Like all travelers, there have been some personal “achievements”:  being tear gassed in 3 countries (USA, Malaysia, & the Philippines), seeing all 3 enshrined dictators (Ho, Mao, & Vladimir).  There have been myriads of great experiences and a few disturbing ones.

During one visit to Thailand, I’ve missed being in the midst of flying hand grenades by less than 2 hours, but got some great images of what almost became a civil war, as well as a few from the celebration of the Thai New Year (Songkran).

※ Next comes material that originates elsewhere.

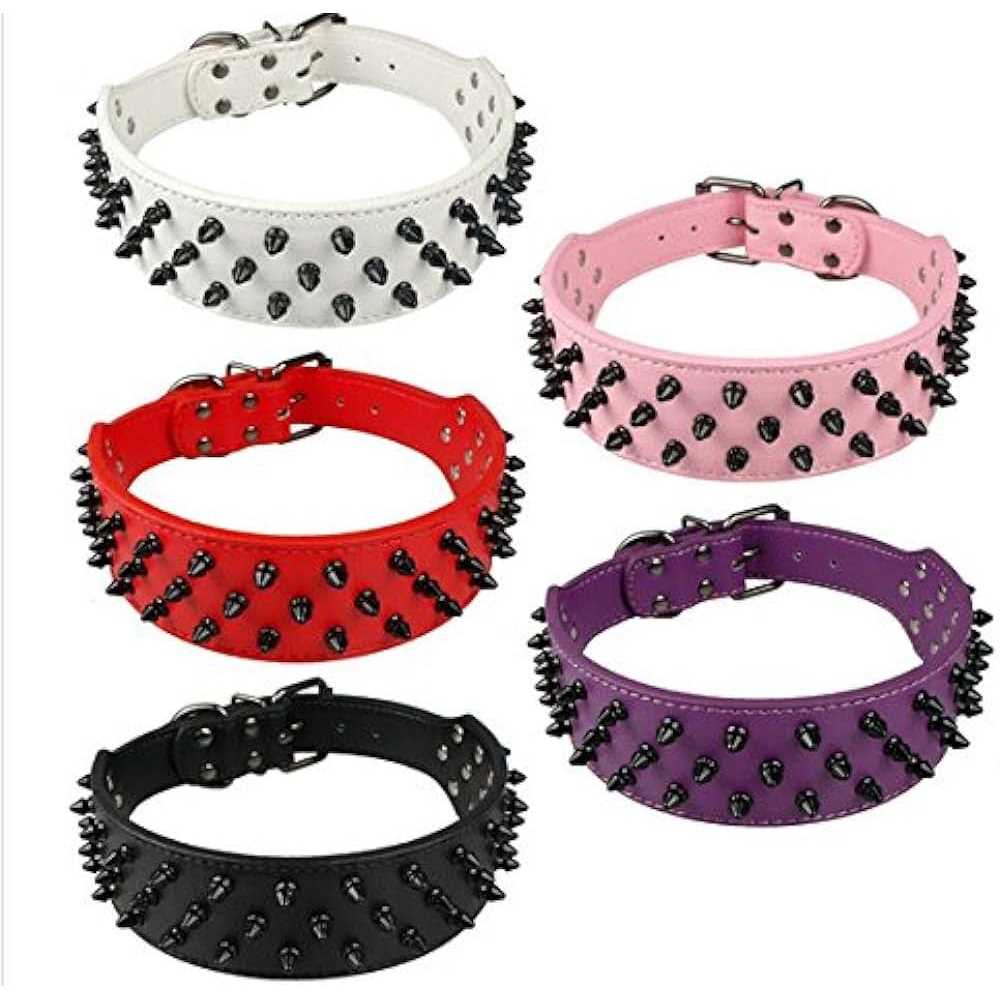 Black Spiked Studded Leather Dog Collar C850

However, whether on the other side of the world or my own backyard, it is all about the lines and the light, trying to create visual haikus, frozen moments in time which are pleasing at first viewing and which reveal more upon further observation.  A love of photojournalism may account for so many images that comment upon the human condition.  Sometimes being a “street photographer” just happens, and feels wonderful.

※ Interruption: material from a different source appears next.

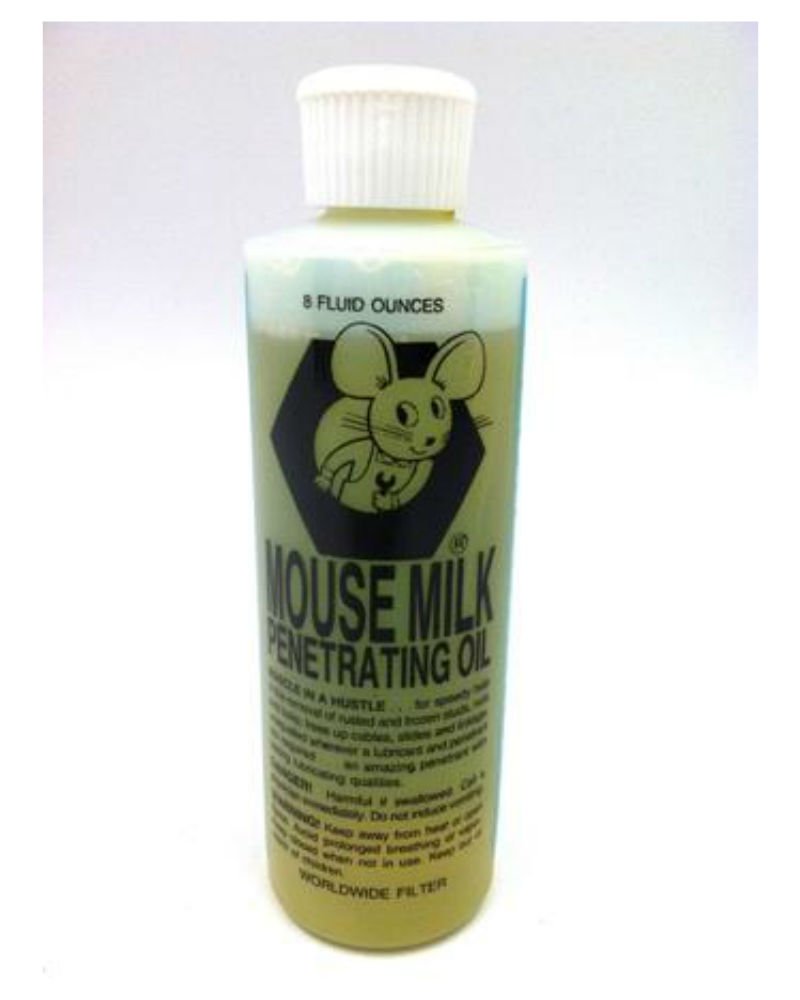 Mouse Milk Penetrating Oil bottle close-up for quick lubrication.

It might be this drive to know and understand more about Mankind that explains why so often my destinations are determined by cultural events or archeological sites.  Although, harking back to what first attracts this eclectic eye, line and light, when one examines the images captured at archeological sites one sees patterns and rhythms more than documentation.

Once, when confronted with this observation about my work I replied: “Remember the difference between an amateur photographer and a professional one is that both may go somewhere and shoot 300 frames, but the first will show you 303 & the later will show you a dozen or less.”  My collection of postcard or guidebook images, which remain “For my eyes only” is immeasurably greater than my portfolio.

So why not do travel articles and submit images for calendars and postcards?  Well, for the same reason that I use about 1% of the possibilities presented by the computer programs I use today to prepare images for a printer.  It is just not what makes me happy.

I shoot digital captures the same way I shoot film.  I compose in camera.  If there are no clouds in the landscape I work with that; and if there is a telephone pole ‘ruining’ the shot, I either skip the shot or accept it.  Come to think of it, some of my favorite commentary images involve telephone or electrical poles or satellite dishes which sour a scene. 

If I am not letting my heart govern my work, then it does not give me the joy, or, more precisely, the exhilaration that I require from “art”.